Cosmic ray acceleration and Balmer emission from RCW 86 (G315.4 – 2.3)

¹ INAF – Osservatorio Astrofisico di Arcetri, Largo E. Fermi 5, 50125 Firenze, Italy
e-mail: morlino@arcetri.astro.it
² APC, AstroParticule et Cosmologie, Université Paris Diderot, CNRS/IN2P3, CEA/Irfu, Observatoire de Paris, Sorbonne Paris Cité, 10 rue Alice Domon et Léonie Duquet, 75205 Paris Cedex 13, France
³ INFN – Gran Sasso Science Institute, viale F. Crispi 7, 67100, L’Aquila, Italy

Received: 5 November 2013
Accepted: 11 December 2013

Abstract

Context. Observation of Balmer lines from the region around the forward shock of supernova remnants (SNRs) may provide valuable information on the shock dynamics and the efficiency of particle acceleration at the shock.
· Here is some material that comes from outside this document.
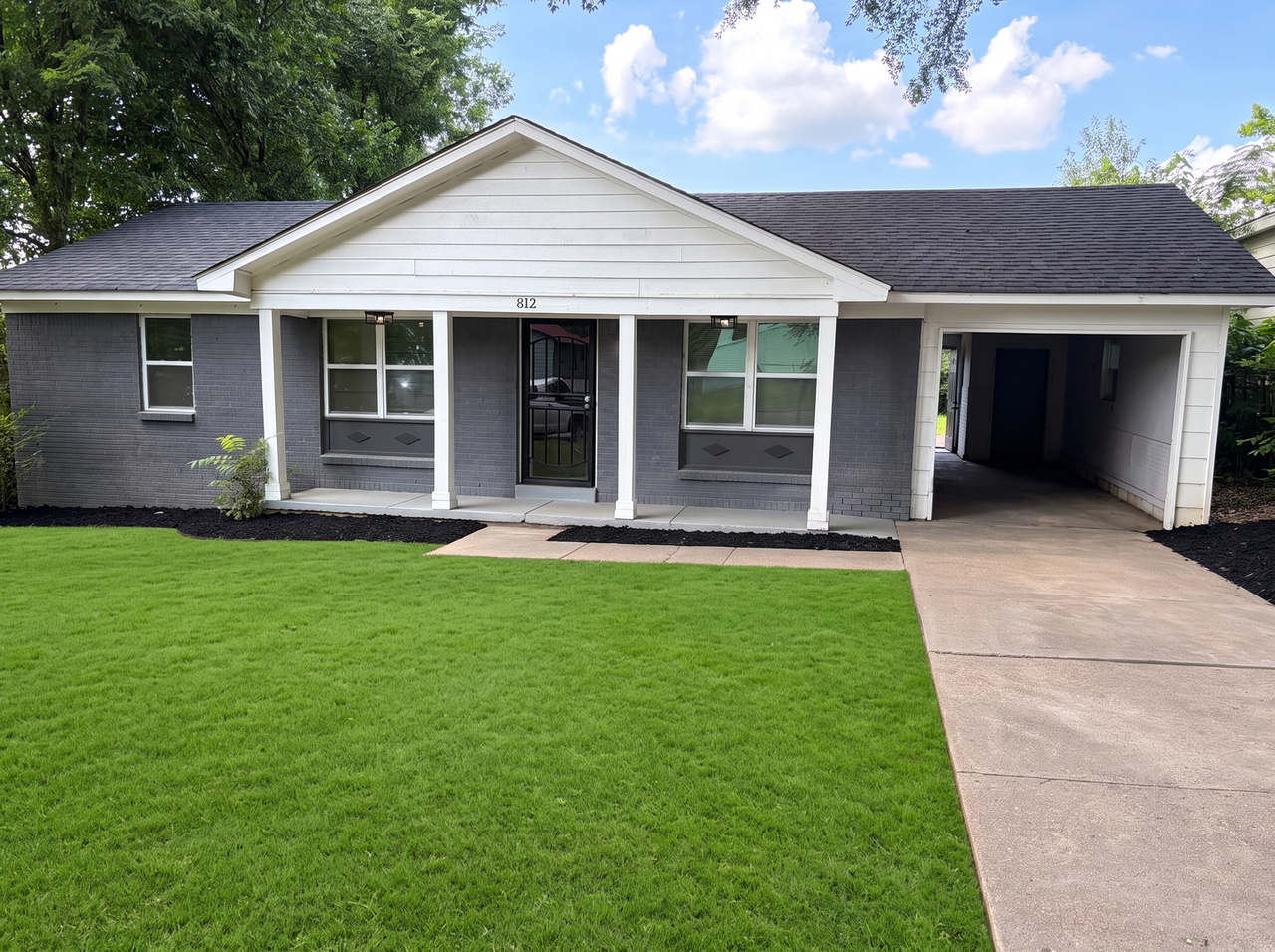 812 Leacrest Ave - Photo 2 of 12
Aims. We calculated the Balmer line emission and the shape of the broad Balmer line for parameter values suitable for SNR RCW 86 (G315.4 – 2.3) as a function of the cosmic-ray (CR) acceleration efficiency and of the level of thermal equilibration between electrons and protons behind the shock. This calculation aims at using the width of the broad Balmer-line emission to infer the CR acceleration efficiency in this remnant.

Methods. We used the recently developed non linear theory of diffusive shock-acceleration in the presence of neutrals. The semianalytical approach we developed includes a description of magnetic field amplification as due to resonant streaming instability, the dynamical reaction of accelerated particles and the turbulent magnetic field on the shock, and all channels of interaction between neutral hydrogen atoms and background ions that are relevant for the shock dynamics.

Results. We derived the CR acceleration efficiency in the SNR RCW 86 from the Balmer emission. Since our calculation used recent measurements of the shock proper motion, the results depend on the assumed distance to Earth. For a distance of 2 kpc the measured width of the broad Balmer line is compatible with the absence of CR acceleration. For a distance of 2.5 kpc, which is a widely used value in current literature, a CR acceleration efficiency of 5–30% is obtained, depending upon the electron-ion equilibration and the ionization fraction upstream of the shock. By combining information on Balmer emission with the measured value of the downstream electron temperature, we constrain the CR acceleration efficiency to be ~20%.